Я пытаюсь понять, что он имел в виду, когда раздается голос Франкенштейна:
– Мои кошмары всегда начинаются в тоннелях. Мне снится самый обычный сон, никакой жути, ничего такого, а потом я вижу вход в тоннель и думаю: «Вот и кошмар». Въезжаю в тоннель, и кошмар начинается. Под потолком висят люди. Один парень, которого я замочил лет десять назад, снова передо мной, а пистолет дает осечку. Тоннель все сжимается и сжимается, пока не станет невозможно дышать.
Шербетка причмокивает. Ящерица издает легкий стон и начинает говорить:
– В кошмарах живешь по закону джунглей. Тебя просто оставляют там, одного, на обед тому, кто больше, сильнее и злее тебя. Осторожней зубами!

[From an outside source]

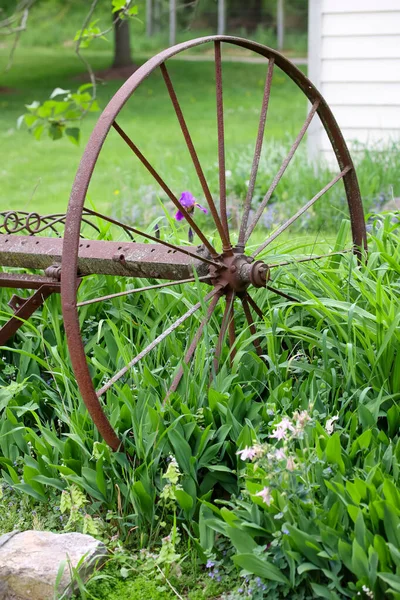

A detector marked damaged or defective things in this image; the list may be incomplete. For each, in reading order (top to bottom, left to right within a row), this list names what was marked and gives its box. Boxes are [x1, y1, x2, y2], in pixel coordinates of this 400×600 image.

Он шлепает Шербетку, та всхлипывает. Морино стряхивает пепел в пепельницу.
– Интересные вещи вы говорите, ребята. По-моему, кошмар – это комедия без выпускного клапана. Тебя щекочут, а ты не можешь смеяться. И давление все нарастает и нарастает. Как газ в светлом пиве. Хочешь поучаствовать в нашей захватывающей беседе, Миякэ?
85
Игра слов: прямое значение «candy» – конфета, сладость; переносное – наркотик.